This reminds me of a story from 15 years ago, where I was developing a technology to download games on demand by hooking into the OS calls.

There was a particular game that was superslow when this tech was applied. Original game loading took around 15-20 seconds, whereas once the tech was applied it took easily 3-5 min, even with all data already downloaded.

When I started digging into it, I realized the reason was the game was using something like

   fread(data, 1, 65536, fptr);

instead of

   fread(data, 65536, 1, fptr);

Which basically expanded back in the day to 65k reads of 1 byte for several MB file. Each fread translated to 65k reads of ReadFile Windows API. Since my code was hooking on ReadFile system call, and my call was heavier than ReadFile, the game loading felt really slow. Unusable. It would have not been fun for players.

The easy fix was to swap arguments for certain calls. The long fix required to use an internal cache to account for these cases so that the hooked ReadFile was faster when data was already in disk.

Funny thing is that as we started rolling out the tech and applying it to more and more games we realized lots of games did this. We went for the cache fix and games ended up loading faster than before. Honestly, games could have load all the data in a couple of seconds by just swapping the args. I'm guessing developers did this on purpose so that games seemed like they were loading a lot of stuff, although you never know.

▲ Taniwha 5 hours ago | parent | next [-]

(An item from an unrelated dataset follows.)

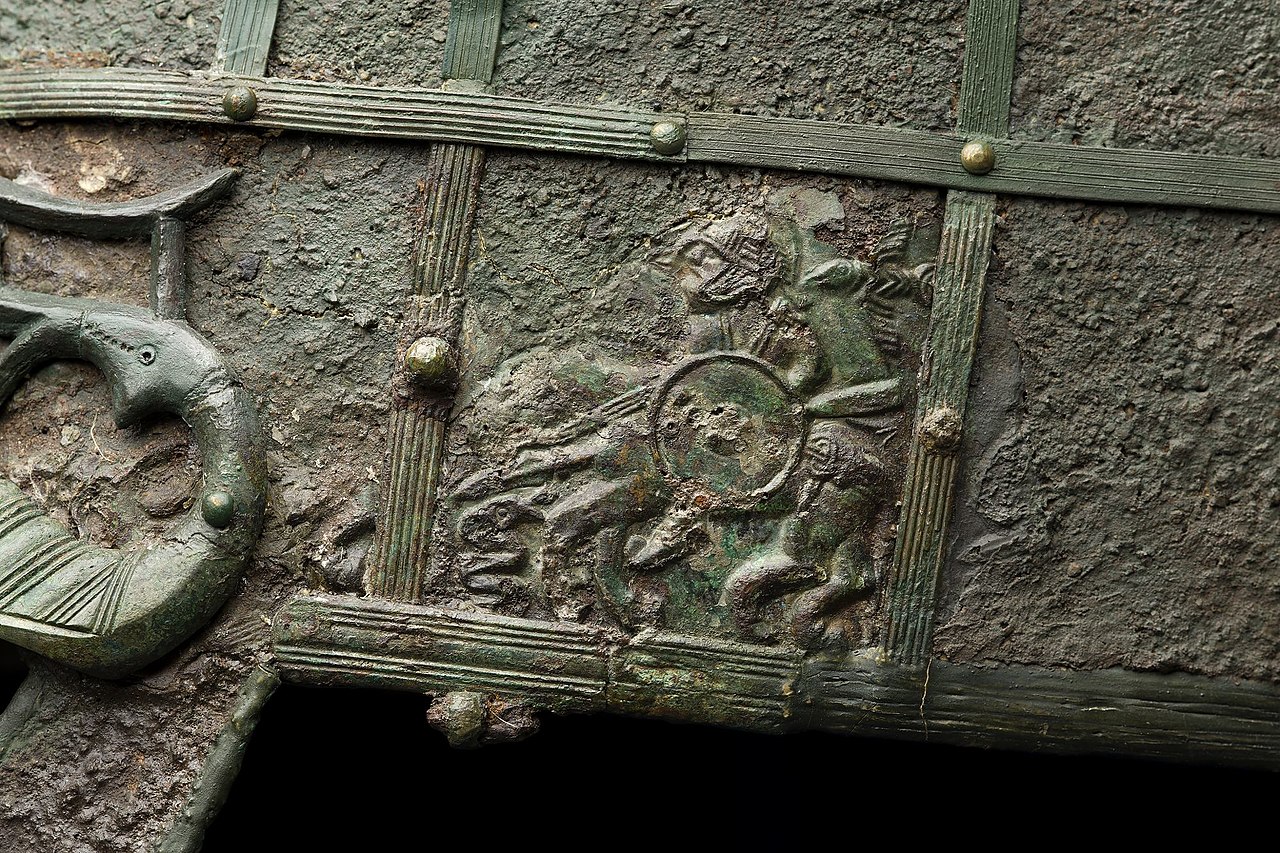 1280px-Vendel_I_helmet_456063.jpg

I used to be a graphics card/chip architect for macs in the early/mid 90s - our chips were the fastest, but some programs were resistant because they did stupid stuff: pagemaker invalidated the font cache every time it went thru its main loop, quark with ATM did an n*2 thing every time it wrote text etc etc. We had special hardware to accelerate text drawing and it did nothing because the software pissed it away. We considered creating a plugin that fixed all these things, it would have been hard to maintain, in the end we travelled around to the people who made these apps and talked them through their problems

To be fair excel would erase places white that it wanted to write up to 9 times before it drew any black pixels, we made that very fast! we didn't tell them :-)

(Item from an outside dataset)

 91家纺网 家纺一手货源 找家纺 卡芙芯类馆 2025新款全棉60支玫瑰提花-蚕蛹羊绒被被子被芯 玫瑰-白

At the time 24-bit framebuffers were so slow that before we built graphics acceleration hardware people would switch back to 8-bit to get stuff done, making 24-bit/true colour your daily driver was a big step forward.

▲

nxobject 2 hours ago | parent | next [-]

Does that make you the first in a long tradition of GPU developers going to blockbuster app devs to say "hey, you should be doing this instead?"

PS – I am looking through the NuBus cards that I have... did you work for SuperMac or RasterOps?

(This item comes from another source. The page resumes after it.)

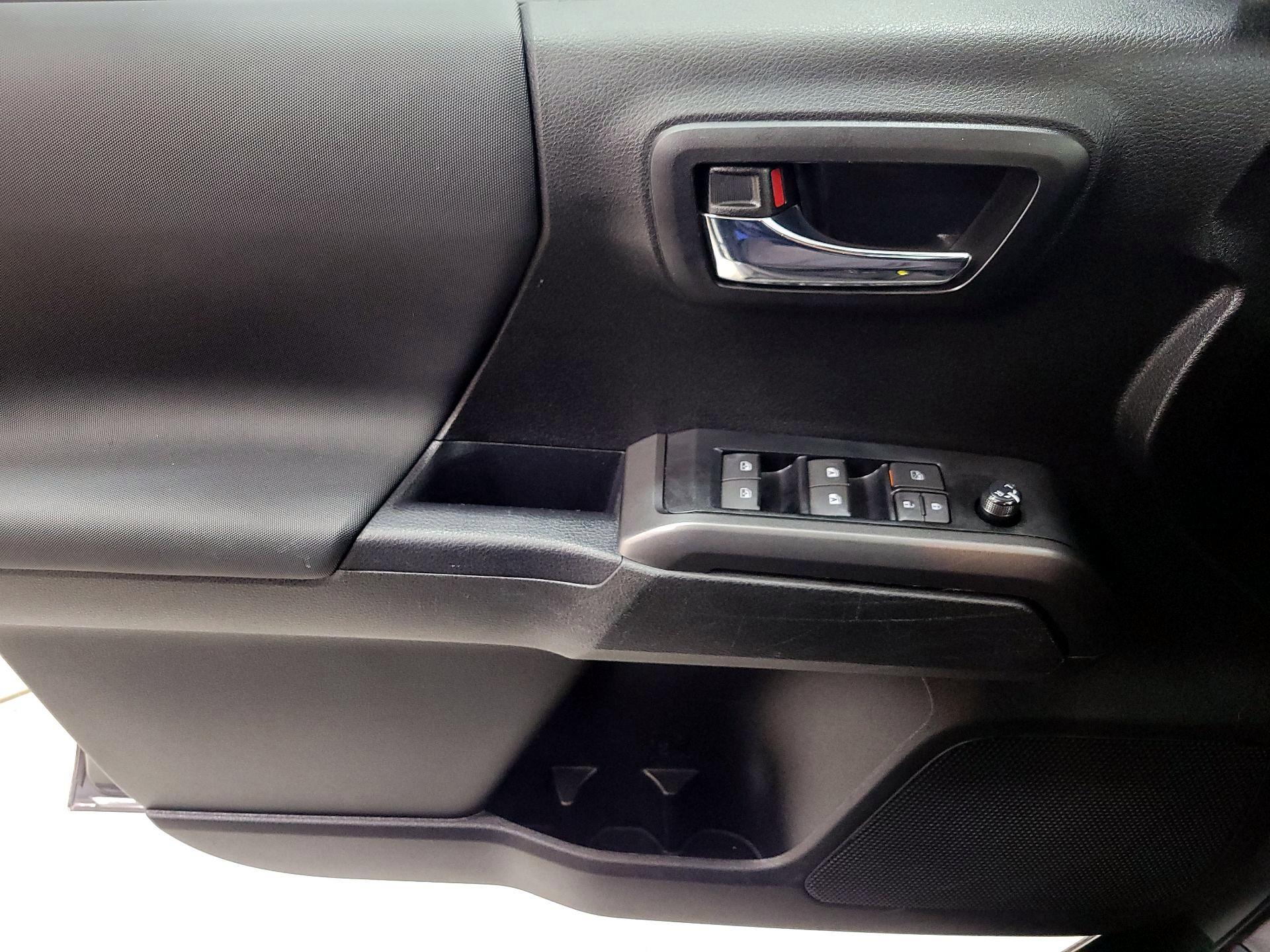 Thumbnail: 2023 Toyota Tacoma - 12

	▲	Taniwha an hour ago \| parent [-]
		I was probably not the first to have to do that, we knew what apps our customers used, making them better was the whole point of the operation I did the architectural design for the SuperMac cards. I figured out what needed to be accelerated, dropping code into people's machines to see where the cycles were going. Others did the physical design for the first 2 cards, I did the design of the chip in the Thunder and later cards (designed the data paths and state machines and a full simulation, someone else actually laid the gates) If your card has a SQD01 on it it's my work. It peaks at 1.5Gb/s on solid fills

▲

xattt an hour ago | parent | prev | next [-]

What would have been the purpose of stupid code like that?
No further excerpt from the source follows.